Work to be completed: All of the lines below need to be copied exactly, apart from the pictures.

Data provided:
● ● ● ● ● ● ●

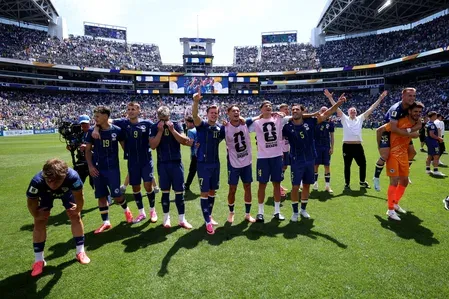 Bosnia beat Qatar 3-1 in Seattle for first World Cup win in 12 years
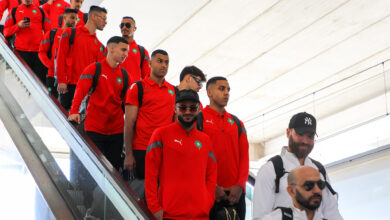 صورة المغرب أول المتأهلين إلى نهائيات كأس أمم إفريقيا لكرة القدم 2023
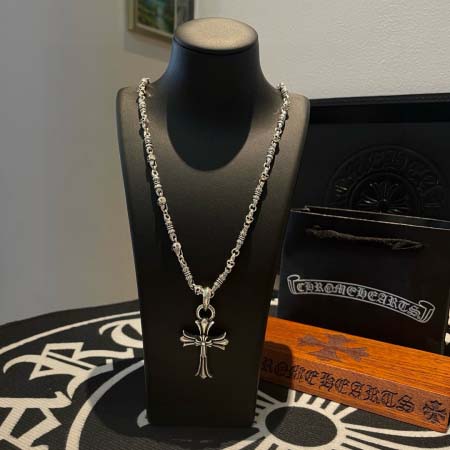 2026年1月31日入荷新品クロムハーツネックレスギフト/誕...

● ● ● ● ● ● ●

Solved problem:
 Bosnia beat Qatar 3-1 in Seattle for first World Cup win in 12 years
 صورة المغرب أول المتأهلين إلى نهائيات كأس أمم إفريقيا لكرة القدم 2023
 2026年1月31日入荷新品クロムハーツネックレスギフト/誕...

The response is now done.